Data extract -
------------------------------------------------
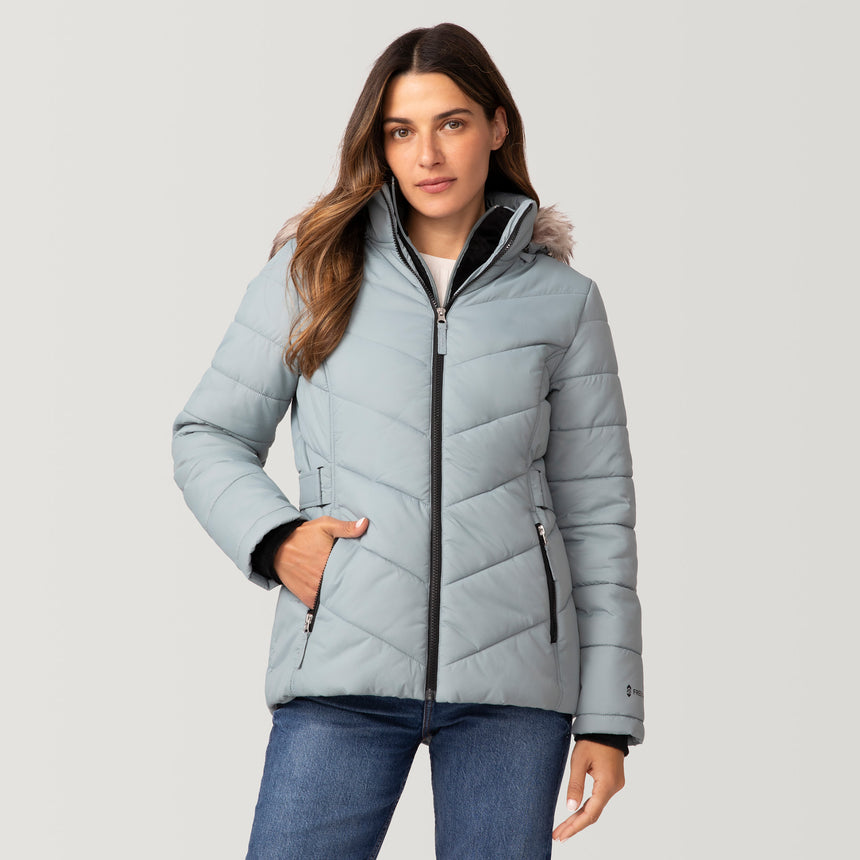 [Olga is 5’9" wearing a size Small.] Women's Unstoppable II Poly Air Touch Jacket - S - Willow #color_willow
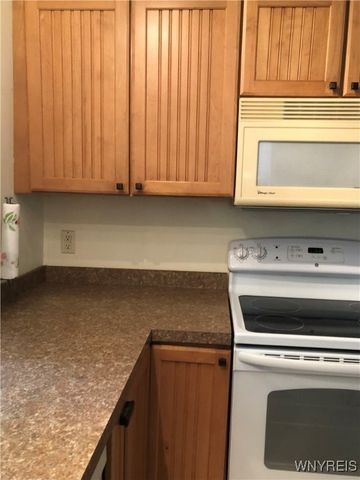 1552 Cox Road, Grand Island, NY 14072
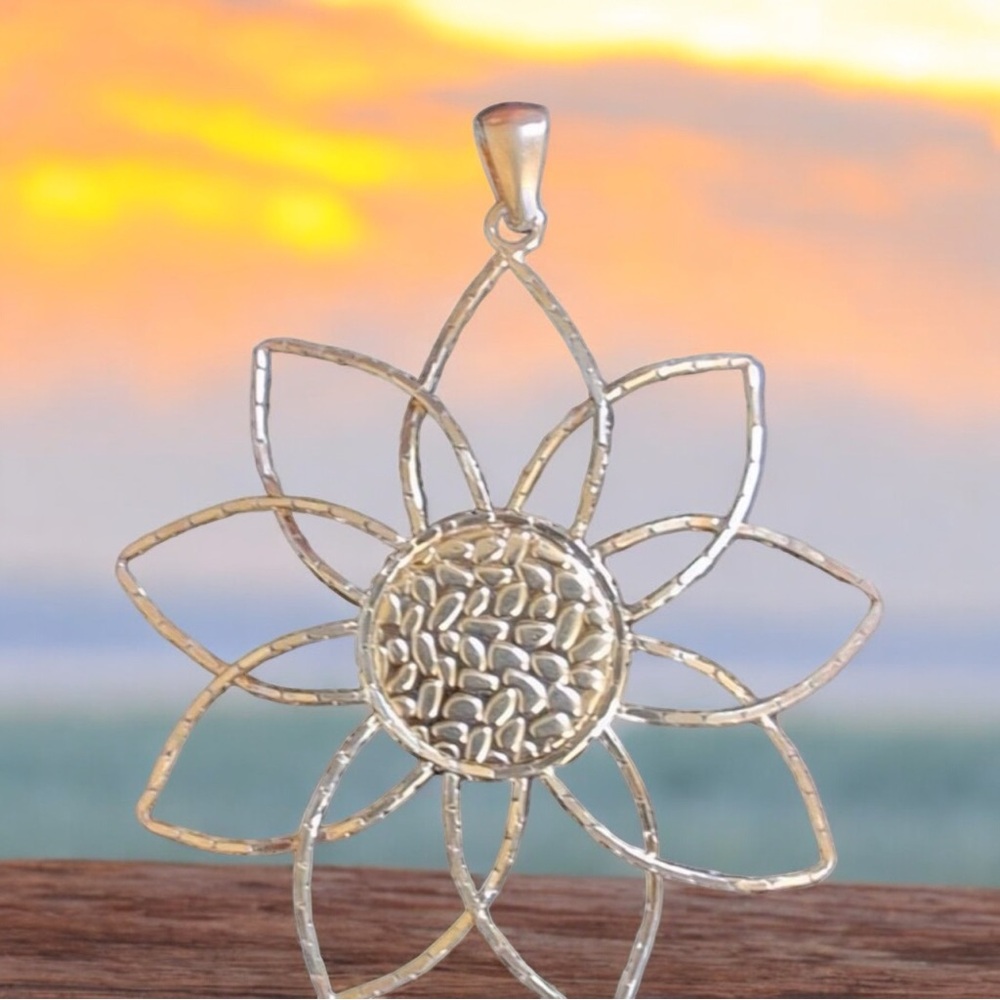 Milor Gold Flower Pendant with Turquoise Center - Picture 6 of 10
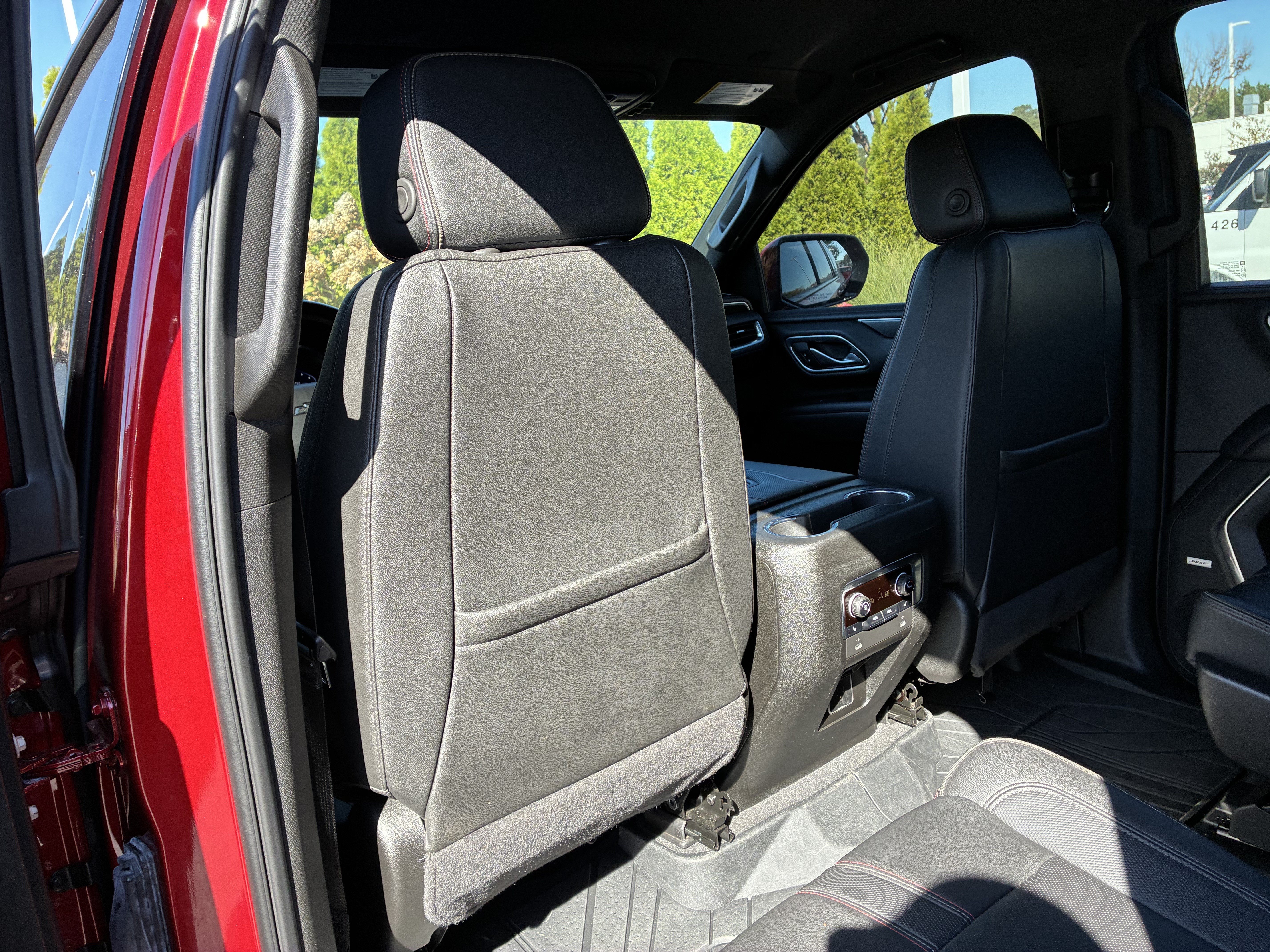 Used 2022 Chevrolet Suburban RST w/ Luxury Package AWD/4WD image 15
------------------------------------------------
Your objective - The lines from the one that contains "Milor Gold Flower" through the end of the data, repeated exactly and with no pictures, make up the whole answer.

Result of this task -
 Milor Gold Flower Pendant with Turquoise Center - Picture 6 of 10
 Used 2022 Chevrolet Suburban RST w/ Luxury Package AWD/4WD image 15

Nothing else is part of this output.